A Carenage, un petit village dans le golfe de Paria fait face à la côte vénézuélienne. A la centrale de pêche, beaucoup soutiennent Donald Trump et ses frappes. « Soyons sérieux !, s’emporte Christopher Calder, un sexagénaire à la retraite. Un bateau avec quatre, cinq ou même six moteurs qui fonce plein gaz, ce n’est pas un bateau de pêche ! Les Américains savent ce qu’ils font. » C’est également l’avis de la première ministre, Kamla Persad-Bissessar, qui a déclaré début septembre, après la première frappe américaine dans les Caraïbes : « Je n’ai pas de sympathie pour les trafiquants, les Etats-Unis devraient tous les tuer violemment. »
Signal politique
A Genève, le haut-commissaire des Nations unies aux droits de l’homme, Volker Türk, a déclaré, vendredi 31 octobre, que les frappes aériennes américaines dans les Caraïbes et le Pacifique « viol[ai]ent le droit international des droits de l’homme » et a demandé l’ouverture d’une enquête.
Le rapport de l’Office des Nations unies contre la drogue et le crime (ONUDC) constate que la route au large du Venezuela alimente surtout les flux vers l’Europe, tandis que vers les Etats-Unis l’acheminement passe davantage par le Pacifique et la voie terrestre d’Amérique centrale. D’où la question qui revient chez nombre d’experts et de pêcheurs : pourquoi concentrer autant de puissance de feu dans la mer des Caraïbes ?
A Port of Spain, la capitale de Trinité-et-Tobago, l’expert régional en sécurité et ancien officier de la défense trinitéenne, Garvin Heerah, considère qu’il faut distinguer lutte antidrogue et stratégie géopolitique. « Quand on voit des navires comme l’USS Gerald-Ford entrer dans la zone territoriale, des avions, des sous-marins, la redirection de satellites, on se pose la question : s’agit-il vraiment de lutte contre le trafic de drogue ou y a-t-il un enjeu plus large ? », interroge-t-il. Si les frappes se concentrent dans la région, c’est peut-être pour envoyer un signal politique à Caracas.

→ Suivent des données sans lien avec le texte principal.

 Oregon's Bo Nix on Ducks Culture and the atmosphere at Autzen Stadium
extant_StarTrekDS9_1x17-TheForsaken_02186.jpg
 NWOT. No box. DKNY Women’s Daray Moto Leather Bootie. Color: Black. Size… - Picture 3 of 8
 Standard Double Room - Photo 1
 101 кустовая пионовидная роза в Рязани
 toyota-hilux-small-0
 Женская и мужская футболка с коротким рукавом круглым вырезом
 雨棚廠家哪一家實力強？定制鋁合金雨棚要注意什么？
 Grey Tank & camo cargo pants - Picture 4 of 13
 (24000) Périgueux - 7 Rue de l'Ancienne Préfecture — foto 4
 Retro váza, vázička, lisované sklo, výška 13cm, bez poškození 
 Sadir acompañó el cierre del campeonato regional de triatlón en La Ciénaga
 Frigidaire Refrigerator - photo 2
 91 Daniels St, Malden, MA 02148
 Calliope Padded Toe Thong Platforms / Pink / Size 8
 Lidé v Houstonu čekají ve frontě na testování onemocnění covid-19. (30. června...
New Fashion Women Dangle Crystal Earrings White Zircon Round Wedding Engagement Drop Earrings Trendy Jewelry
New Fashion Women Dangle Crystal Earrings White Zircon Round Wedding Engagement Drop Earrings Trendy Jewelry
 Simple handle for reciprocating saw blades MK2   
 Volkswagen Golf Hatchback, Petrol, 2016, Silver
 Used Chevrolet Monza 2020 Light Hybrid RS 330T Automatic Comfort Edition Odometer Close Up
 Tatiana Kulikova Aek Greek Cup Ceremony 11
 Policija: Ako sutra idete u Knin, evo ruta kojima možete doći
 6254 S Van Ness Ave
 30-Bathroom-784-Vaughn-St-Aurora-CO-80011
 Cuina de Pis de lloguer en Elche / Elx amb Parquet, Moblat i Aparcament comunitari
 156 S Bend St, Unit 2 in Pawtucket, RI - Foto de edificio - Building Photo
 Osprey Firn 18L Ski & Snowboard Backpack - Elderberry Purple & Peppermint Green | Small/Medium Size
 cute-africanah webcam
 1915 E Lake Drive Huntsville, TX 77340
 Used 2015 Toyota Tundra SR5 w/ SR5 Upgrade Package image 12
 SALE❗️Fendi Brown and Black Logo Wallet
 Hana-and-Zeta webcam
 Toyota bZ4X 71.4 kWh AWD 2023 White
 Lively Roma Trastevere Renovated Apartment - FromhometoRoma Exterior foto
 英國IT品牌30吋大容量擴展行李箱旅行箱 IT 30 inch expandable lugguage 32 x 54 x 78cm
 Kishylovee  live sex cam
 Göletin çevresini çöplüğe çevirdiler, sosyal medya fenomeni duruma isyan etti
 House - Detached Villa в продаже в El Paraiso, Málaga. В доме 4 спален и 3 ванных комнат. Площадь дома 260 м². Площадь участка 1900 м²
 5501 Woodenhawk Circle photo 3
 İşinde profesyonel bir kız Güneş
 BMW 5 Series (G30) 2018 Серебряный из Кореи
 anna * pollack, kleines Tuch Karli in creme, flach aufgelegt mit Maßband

Assis près des coques de bateau remontées sur la plage de Carenage, Kevin Jack, un ouvrier, pêcheur occasionnel venu retrouver des amis, partage ces inquiétudes. « Je ne suis pas effrayé par les bombardements des bateaux, ce qui me fait peur, c’est que les Etats-Unis bombardent le Venezuela, dit-il. Trinité-et-Tobago est trop petit, il va devoir choisir son camp. » Dans le sud de l’île, sur la péninsule d’Icacos, les gardes-côtes ont demandé aux pêcheurs de ne pas dépasser la limite de 2 milles nautiques des côtes, compliquant encore un peu plus le quotidien des pêcheurs.